Tatsächlich wird „CDP heute oft als zusätzliche Funktionalität von Backup- oder Software-Suiten implementiert“, sagt Hill. In diesen Fällen ist CDP kein ganz neuer Backup-Ansatz, sondern eher eine Ergänzung traditioneller Methoden.

Genau die Tatsache, dass CDP häufig als bloßes „Extra“ angesehen wird, hemmt seine Verbreitung auf dem Markt, sagt Steve Scully, Research Manager bei IDC. „Es gab eine Zeit, da gingen einige Anbieter davon aus, man könne ein Milliardengeschäft rund um CDP aufbauen. Aber irgendwie ist nichts dergleichen passiert“, sagt er. Stattdessen waren am Markt – quasi tröpfchenweise – neue oder modernisierte Anwendungen, Appliances und Geschäftsbeziehungen zu beobachten, aber nichts davon hat wirklich gezündet. „In den meisten Unternehmen ist CDP für betriebliche Standardabläufe einfach kein Thema“, so Scully.

„Wenn die Leute ohnehin bereits jede Nacht ein Backup ausführen und dafür eine entsprechende Infrastruktur aufgebaut haben, kann CDP durchaus von Wert sein“, sagt Scully weiter. Doch solange nicht klar gezeigt werden könne, dass es wirklich signifikante Vorteile bietet, würden die meisten Unternehmen mit einem CDP-Einsatz zögern: „Wenn Sie ohnehin bereits einen soliden Prozess aufgebaut haben, dann ist es eher unwahrscheinlich, dass Sie CDP einführen“. Außerdem dürften die meisten CDP-Funktionen nicht viel helfen, wenn das Ziel darin besteht, Backups über einen längeren Zeitraum zu archivieren.

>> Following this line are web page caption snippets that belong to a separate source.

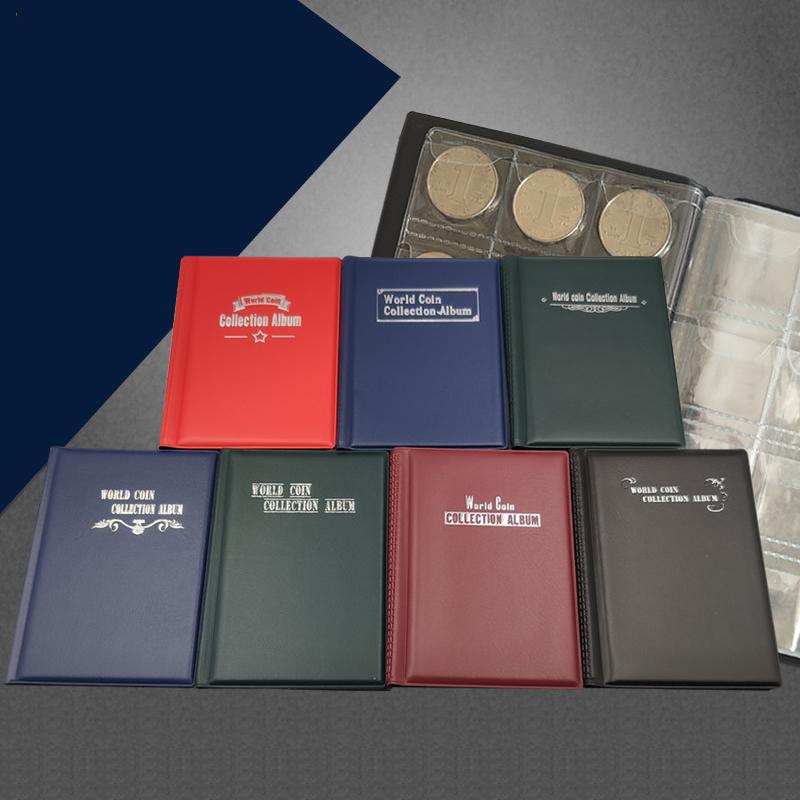 Kniha na sbírku mincí se 120 kapsami 10 stran Držák na sbírku mincí Album Organizér na pamětní mince Úložný prostor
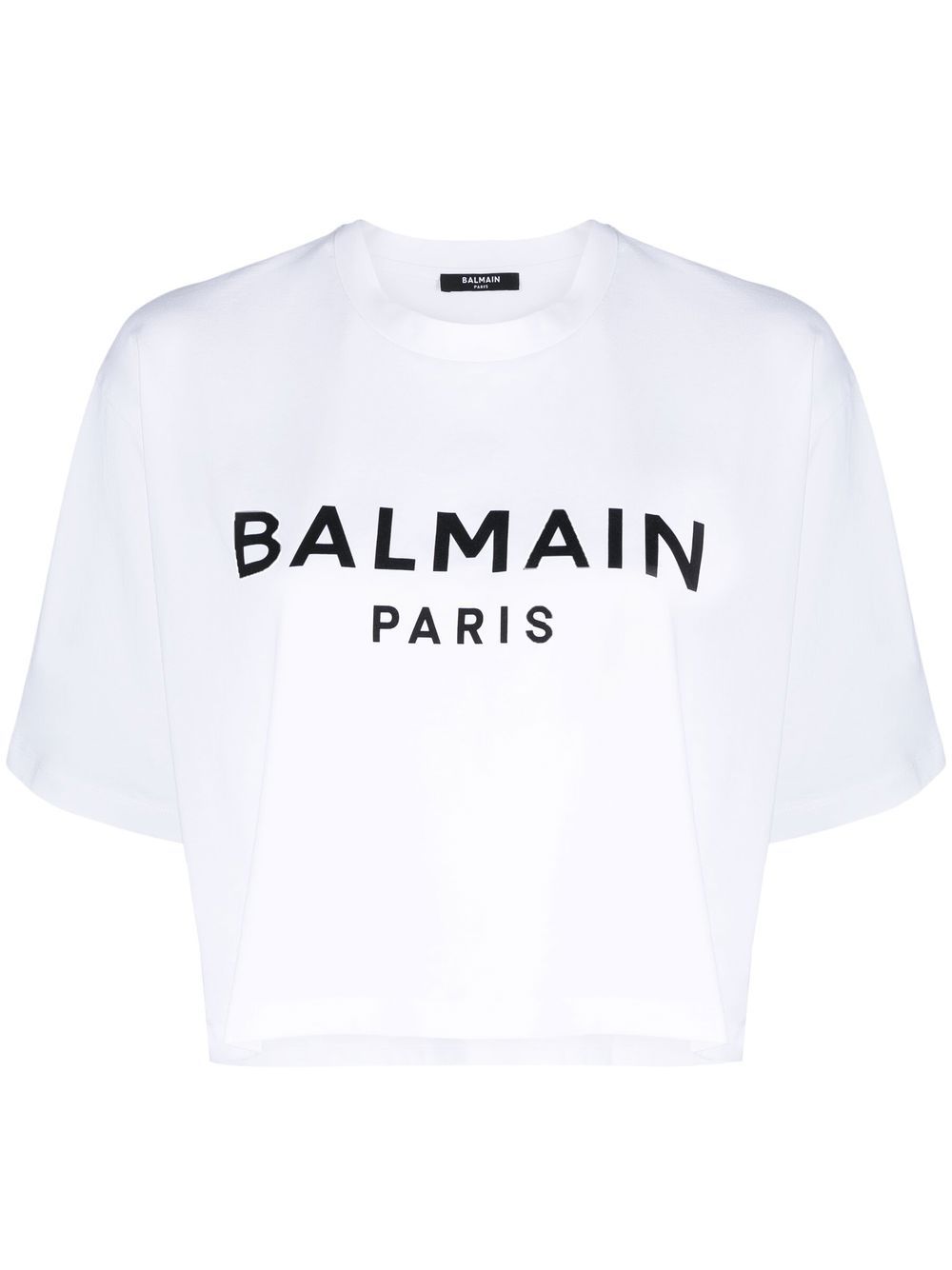 Balmain cropped logo-print T-shirt - White von Balmain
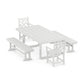 POLYWOOD Chippendale 5-Piece Dining Set with Benches — White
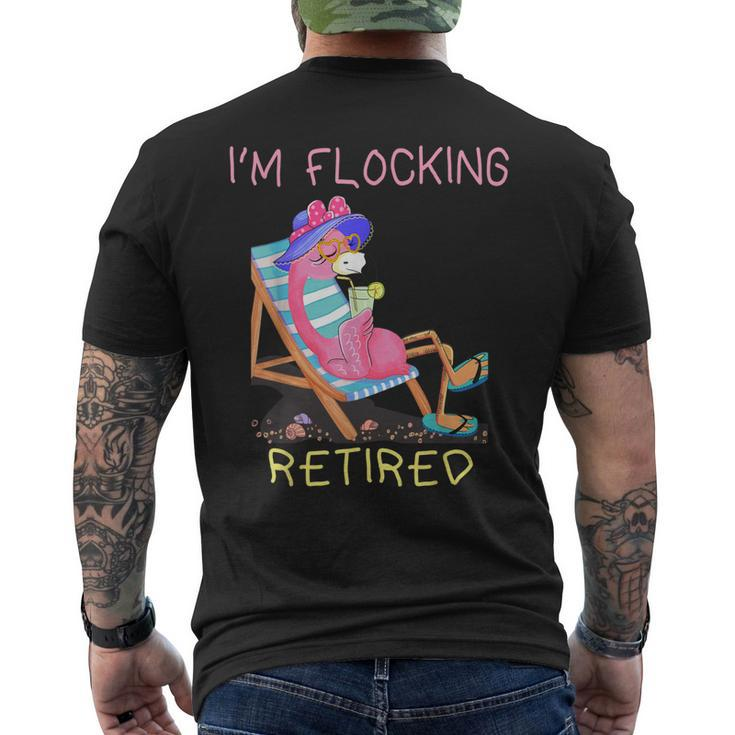 Retired Flamingo Lover Retirement Party Coworker 2021 Mens Back Print T-shirt
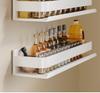 Настенная кухонная стойка в кремовом стиле: Многофункциональное белое хранилище без перфорации для приправ и специй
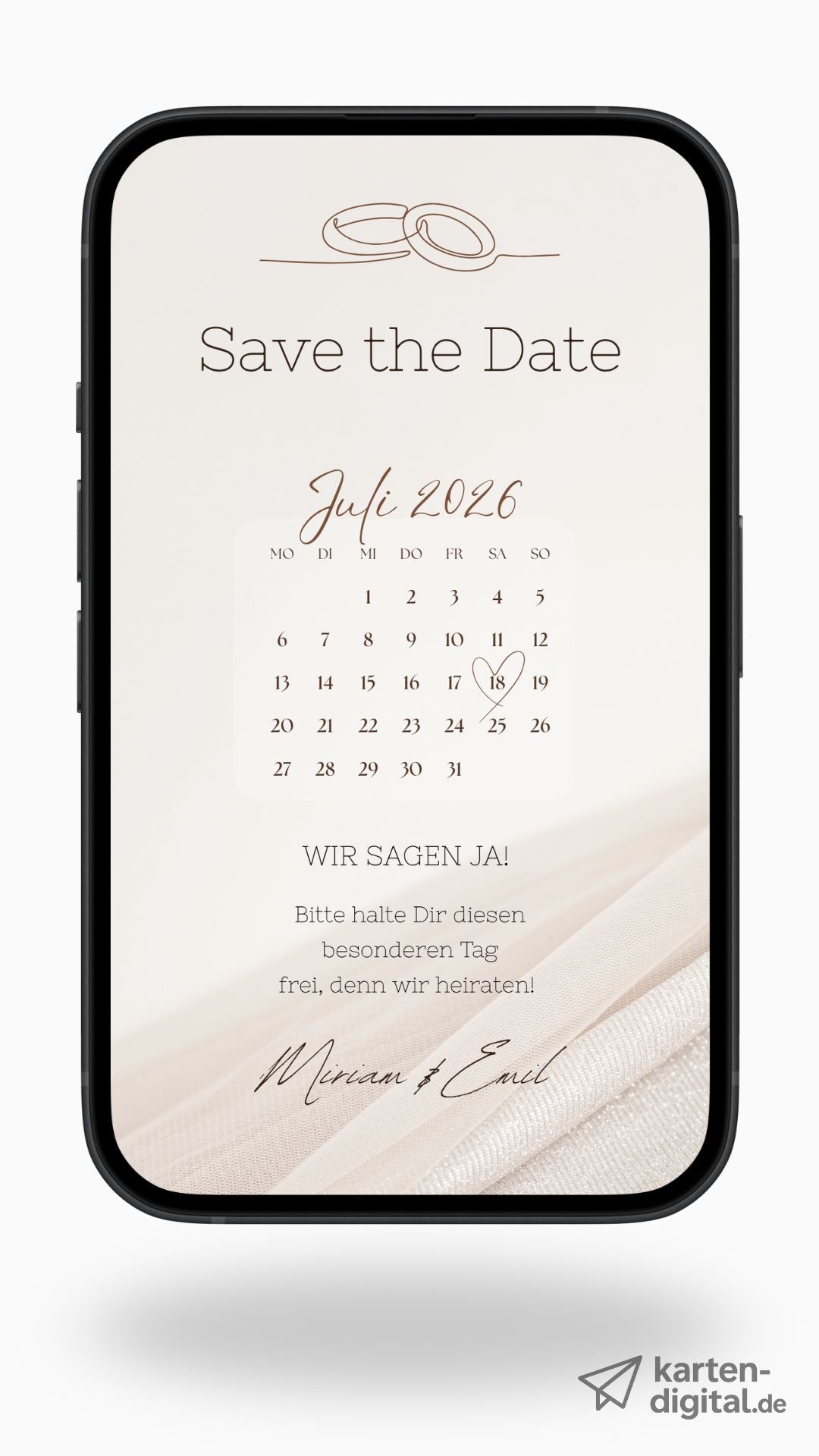 Save the Date Karte digital – Elegant, modern und persönlich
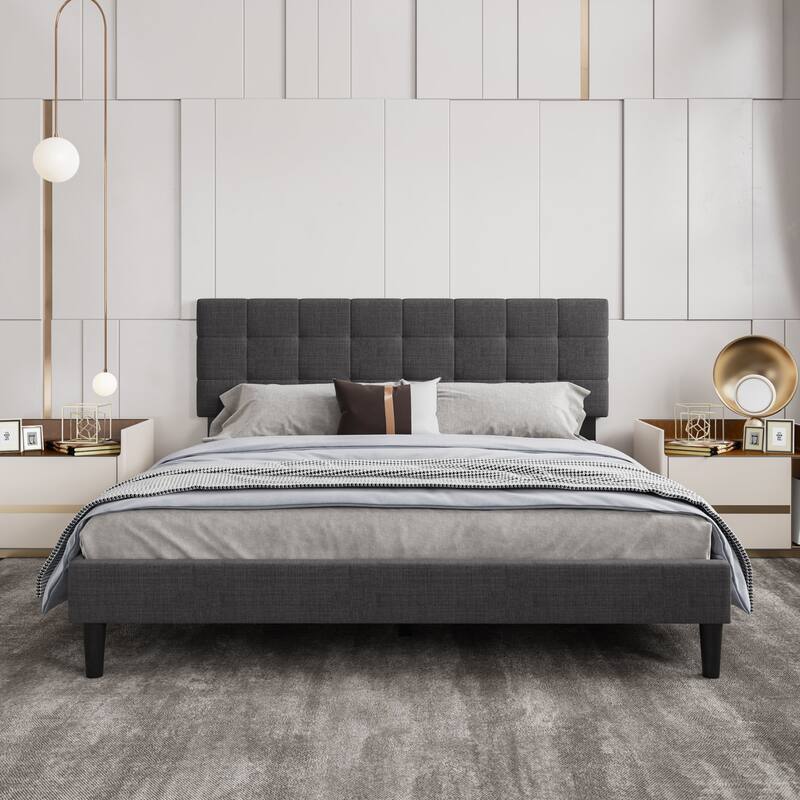 Alazyhome Square Tufted Upholstered Platform Bed Frame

Doch auch wenn CDP nicht für alles und jeden passend ist, können seine Fähigkeiten durchaus von Bedeutung sein. Dies gilt insbesondere für solche Unternehmen, die sich keine Datenverluste leisten können.

CDP-Produkte 

Laut Scully ist CDP in einer Vielzahl von Formen verfügbar. Das Feld beginnt bei hochwertigen Enterprise-Anwendungen wie RecoverPoint von EMC – sehr leistungsfähig, aber zugleich auch stark mit der EMC-Umgebung verzahnt und teuer. Als Nächstes kommen die traditionellen Backup-Anbieter, die CDP-Funktionalität durch Übernahmen ins eigene Haus geholt haben. Beispiele sind CA mit XOsoft und IBM Corp. mit dem Produkt Tivoli Storage Manager FastBack, das 2008 von FilesX gekauft wurde. Zusätzlich haben eine ganze Reihe von Unternehmen CDP auf die eine oder andere Weise in ihre traditionellen Backup-Produkte einfließen lassen. Beispiele hierfür sind die Produkte von CommVault und NetBackup RealTime von Symantec.

„Ein besonders interessantes kleineres Unternehmen ist InMage Systems mit seiner InMage Appshot-Technologie. Dabei handelt es sich um einen weiteren Appliance-basierten Ansatz für CDP, der inzwischen in Co-Branding unter der Marke Hitachi Data Protection angeboten wird“, sagt Scully. Als eine der interessantesten CDP-Lösungen für kleine bis mittlere Unternehmen nennt er nicht zuletzt SonicWall mit seinem leicht zu bedienenden Appliance-artigen Angebot.

FAST- VS. ECHTES CDP 

CDP wie Fast-CDP bieten Wiederherstellungsoptionen, die mit einem traditionellen Backup-System schlicht nicht möglich sind: Sowohl CDP als auch Fast-CDP unterstützen eine sofortige Wiederherstellung. Dies ermöglicht das unverzügliche Aufsetzen eines Recovery-Images, sobald das primäre Image beschädigt ist. Der Unterschied besteht in dem RPO (Recovery Point Objective), das beide ermöglichen. CDP bietet ein RPO von Null, bei Near-CDP ist es abhängig davon, wie oft Sie einen Snapshot anfertigen (normalerweise eine Stunde).